------ Exercise input
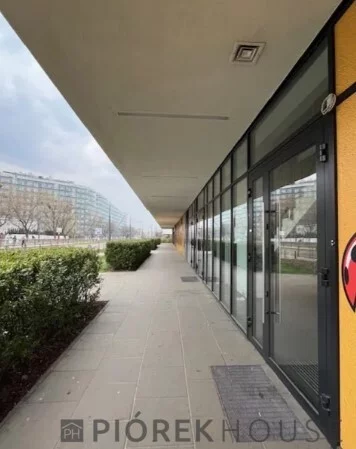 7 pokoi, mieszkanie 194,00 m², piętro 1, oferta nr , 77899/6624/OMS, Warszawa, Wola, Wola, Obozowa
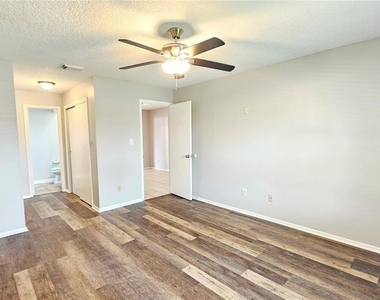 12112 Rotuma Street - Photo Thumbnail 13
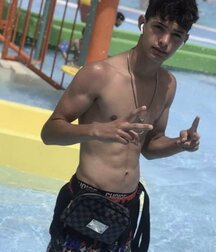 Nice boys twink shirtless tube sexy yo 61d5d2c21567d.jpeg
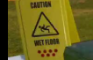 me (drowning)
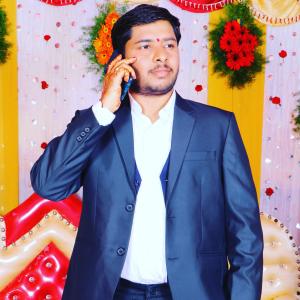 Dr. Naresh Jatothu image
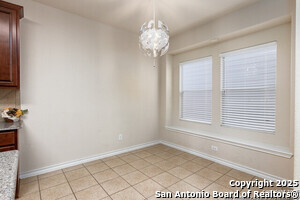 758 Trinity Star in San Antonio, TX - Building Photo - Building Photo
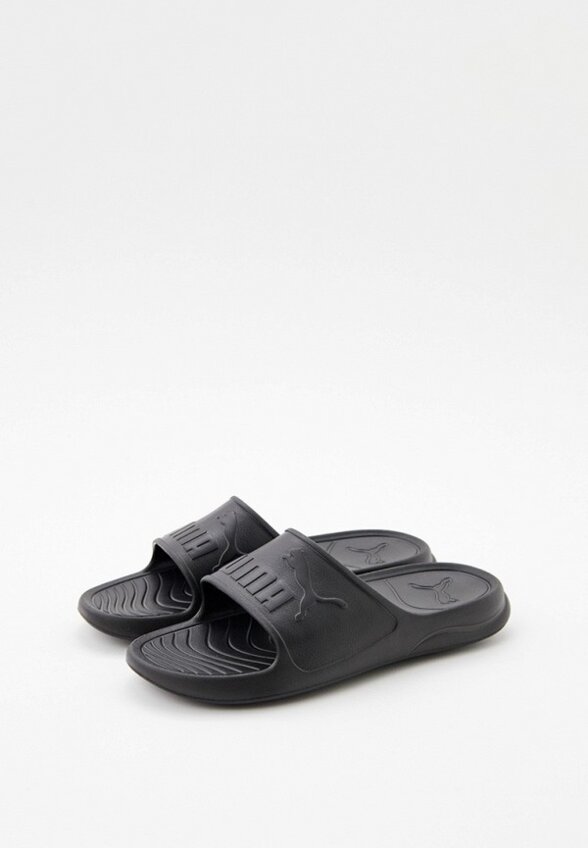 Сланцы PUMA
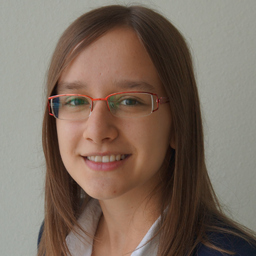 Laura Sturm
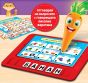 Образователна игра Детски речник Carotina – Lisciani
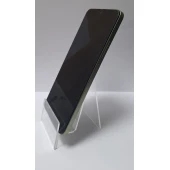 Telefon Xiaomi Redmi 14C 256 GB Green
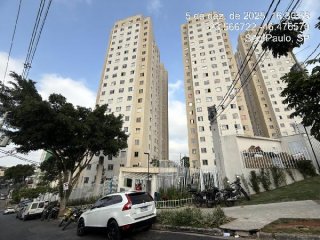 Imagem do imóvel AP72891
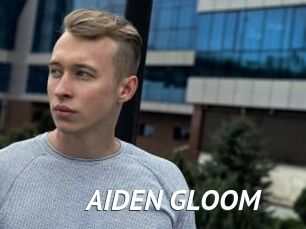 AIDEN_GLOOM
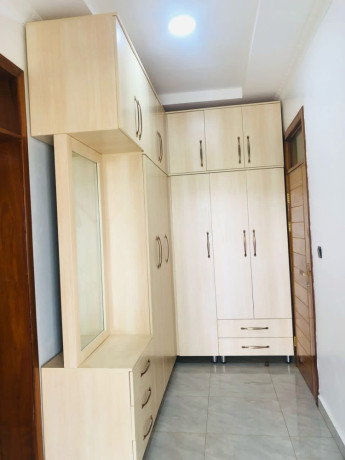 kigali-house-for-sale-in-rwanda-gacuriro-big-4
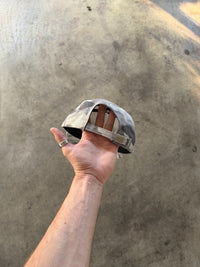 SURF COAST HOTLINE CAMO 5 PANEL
------------
§ **What to do**
Pictures are to be dropped; the lines from the start of the entries above through the line with "Dr. Naresh Jatothu image" are to be given again verbatim.

§ **Output of the exercise**
 7 pokoi, mieszkanie 194,00 m², piętro 1, oferta nr , 77899/6624/OMS, Warszawa, Wola, Wola, Obozowa
 12112 Rotuma Street - Photo Thumbnail 13
 Nice boys twink shirtless tube sexy yo 61d5d2c21567d.jpeg
 me (drowning)
 Dr. Naresh Jatothu image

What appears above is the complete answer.